Collected data
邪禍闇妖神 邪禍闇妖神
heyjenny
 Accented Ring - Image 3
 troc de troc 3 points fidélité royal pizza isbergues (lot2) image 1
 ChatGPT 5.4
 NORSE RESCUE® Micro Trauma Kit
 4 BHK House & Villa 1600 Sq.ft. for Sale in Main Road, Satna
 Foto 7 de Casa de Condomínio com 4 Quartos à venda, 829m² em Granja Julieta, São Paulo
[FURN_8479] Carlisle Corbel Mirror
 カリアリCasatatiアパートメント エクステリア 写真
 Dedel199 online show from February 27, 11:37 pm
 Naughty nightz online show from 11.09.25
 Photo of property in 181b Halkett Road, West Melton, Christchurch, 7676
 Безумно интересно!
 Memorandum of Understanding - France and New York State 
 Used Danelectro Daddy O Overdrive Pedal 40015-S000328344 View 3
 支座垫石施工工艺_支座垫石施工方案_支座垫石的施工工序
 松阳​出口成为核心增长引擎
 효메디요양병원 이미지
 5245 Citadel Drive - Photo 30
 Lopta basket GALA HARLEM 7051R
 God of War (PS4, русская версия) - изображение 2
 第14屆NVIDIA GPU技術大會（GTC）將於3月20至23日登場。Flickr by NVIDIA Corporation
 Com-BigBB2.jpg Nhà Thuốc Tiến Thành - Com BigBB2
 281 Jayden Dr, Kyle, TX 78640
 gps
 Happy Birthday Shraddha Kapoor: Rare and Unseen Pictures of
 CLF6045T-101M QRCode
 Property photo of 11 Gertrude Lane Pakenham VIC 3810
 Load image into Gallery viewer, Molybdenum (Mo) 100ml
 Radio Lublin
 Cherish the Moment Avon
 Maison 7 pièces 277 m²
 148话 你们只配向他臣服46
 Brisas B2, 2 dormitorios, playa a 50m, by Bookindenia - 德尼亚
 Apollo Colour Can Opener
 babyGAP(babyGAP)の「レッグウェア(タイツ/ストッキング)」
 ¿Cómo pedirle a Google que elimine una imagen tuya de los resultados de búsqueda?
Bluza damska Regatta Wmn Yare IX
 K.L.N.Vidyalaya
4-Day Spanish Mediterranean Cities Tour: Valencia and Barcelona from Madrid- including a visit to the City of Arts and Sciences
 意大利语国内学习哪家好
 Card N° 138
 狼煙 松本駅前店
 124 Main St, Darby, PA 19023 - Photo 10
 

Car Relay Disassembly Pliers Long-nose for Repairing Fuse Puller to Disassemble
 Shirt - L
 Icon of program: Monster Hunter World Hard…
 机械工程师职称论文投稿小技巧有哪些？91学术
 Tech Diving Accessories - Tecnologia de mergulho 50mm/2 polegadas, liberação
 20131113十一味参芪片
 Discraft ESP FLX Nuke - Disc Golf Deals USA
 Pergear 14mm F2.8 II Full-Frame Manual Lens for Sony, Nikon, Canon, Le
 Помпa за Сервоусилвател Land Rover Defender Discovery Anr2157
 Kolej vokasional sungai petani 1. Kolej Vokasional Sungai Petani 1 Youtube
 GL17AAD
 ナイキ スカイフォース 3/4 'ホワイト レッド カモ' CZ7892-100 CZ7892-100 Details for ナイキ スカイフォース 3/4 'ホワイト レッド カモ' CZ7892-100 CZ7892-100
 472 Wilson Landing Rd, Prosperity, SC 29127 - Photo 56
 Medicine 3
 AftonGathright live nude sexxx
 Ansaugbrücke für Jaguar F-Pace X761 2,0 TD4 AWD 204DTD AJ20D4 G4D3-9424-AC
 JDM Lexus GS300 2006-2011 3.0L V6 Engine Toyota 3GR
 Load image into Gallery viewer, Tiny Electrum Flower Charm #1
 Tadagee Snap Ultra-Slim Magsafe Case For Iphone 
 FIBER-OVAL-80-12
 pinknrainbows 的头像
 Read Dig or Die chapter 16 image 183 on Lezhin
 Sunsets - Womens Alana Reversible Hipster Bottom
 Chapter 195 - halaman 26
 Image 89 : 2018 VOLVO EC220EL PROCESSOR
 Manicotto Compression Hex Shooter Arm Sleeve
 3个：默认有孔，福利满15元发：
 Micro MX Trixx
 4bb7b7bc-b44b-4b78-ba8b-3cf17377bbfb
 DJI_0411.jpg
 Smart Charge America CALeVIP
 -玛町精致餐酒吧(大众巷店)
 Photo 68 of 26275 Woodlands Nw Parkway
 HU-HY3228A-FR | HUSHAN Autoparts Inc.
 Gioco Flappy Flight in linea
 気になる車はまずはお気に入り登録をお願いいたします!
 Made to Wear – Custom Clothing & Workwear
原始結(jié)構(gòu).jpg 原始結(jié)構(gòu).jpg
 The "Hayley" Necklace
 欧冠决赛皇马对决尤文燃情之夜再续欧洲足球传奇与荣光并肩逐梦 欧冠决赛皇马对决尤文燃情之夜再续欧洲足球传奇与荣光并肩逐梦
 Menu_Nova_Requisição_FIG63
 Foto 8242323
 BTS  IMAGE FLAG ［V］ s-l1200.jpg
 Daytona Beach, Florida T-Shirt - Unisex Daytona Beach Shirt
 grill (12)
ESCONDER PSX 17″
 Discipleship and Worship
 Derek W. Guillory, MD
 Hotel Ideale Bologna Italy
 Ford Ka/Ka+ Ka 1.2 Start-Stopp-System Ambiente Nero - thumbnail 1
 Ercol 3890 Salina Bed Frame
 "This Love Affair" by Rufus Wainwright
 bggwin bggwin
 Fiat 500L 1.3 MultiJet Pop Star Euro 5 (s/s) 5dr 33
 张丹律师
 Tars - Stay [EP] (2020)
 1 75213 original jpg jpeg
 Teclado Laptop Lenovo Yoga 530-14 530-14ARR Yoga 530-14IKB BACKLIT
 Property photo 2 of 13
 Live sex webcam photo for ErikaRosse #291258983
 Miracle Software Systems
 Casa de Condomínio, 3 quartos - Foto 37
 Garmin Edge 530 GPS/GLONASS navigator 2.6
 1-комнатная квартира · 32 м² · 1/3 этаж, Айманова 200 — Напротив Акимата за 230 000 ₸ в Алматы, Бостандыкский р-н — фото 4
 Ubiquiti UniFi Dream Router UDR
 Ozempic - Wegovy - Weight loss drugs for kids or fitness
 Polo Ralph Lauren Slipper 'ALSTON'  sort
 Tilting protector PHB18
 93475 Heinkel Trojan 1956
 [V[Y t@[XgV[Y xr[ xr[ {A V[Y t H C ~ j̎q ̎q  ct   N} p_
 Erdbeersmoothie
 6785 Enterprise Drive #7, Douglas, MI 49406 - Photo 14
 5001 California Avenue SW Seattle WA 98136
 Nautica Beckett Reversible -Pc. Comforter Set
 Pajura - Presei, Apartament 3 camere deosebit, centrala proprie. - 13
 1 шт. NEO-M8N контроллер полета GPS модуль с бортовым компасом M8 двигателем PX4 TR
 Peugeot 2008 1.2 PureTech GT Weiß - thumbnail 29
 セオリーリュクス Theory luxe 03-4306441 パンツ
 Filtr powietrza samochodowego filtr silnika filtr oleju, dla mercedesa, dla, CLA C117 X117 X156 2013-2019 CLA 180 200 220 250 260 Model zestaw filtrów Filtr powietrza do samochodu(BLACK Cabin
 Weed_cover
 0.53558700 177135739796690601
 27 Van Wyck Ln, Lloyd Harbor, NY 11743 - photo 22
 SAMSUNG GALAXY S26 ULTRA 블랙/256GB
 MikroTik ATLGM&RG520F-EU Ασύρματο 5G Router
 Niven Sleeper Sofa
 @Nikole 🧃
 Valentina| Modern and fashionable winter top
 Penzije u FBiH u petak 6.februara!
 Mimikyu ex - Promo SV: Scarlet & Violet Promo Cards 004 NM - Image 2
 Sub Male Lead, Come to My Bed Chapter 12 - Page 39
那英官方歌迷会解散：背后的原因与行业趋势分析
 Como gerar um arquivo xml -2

INSTRUCTIONS TO FOLLOW
Only a number should come back: the count of lines above that include "from".

YOUR RESPONSE
3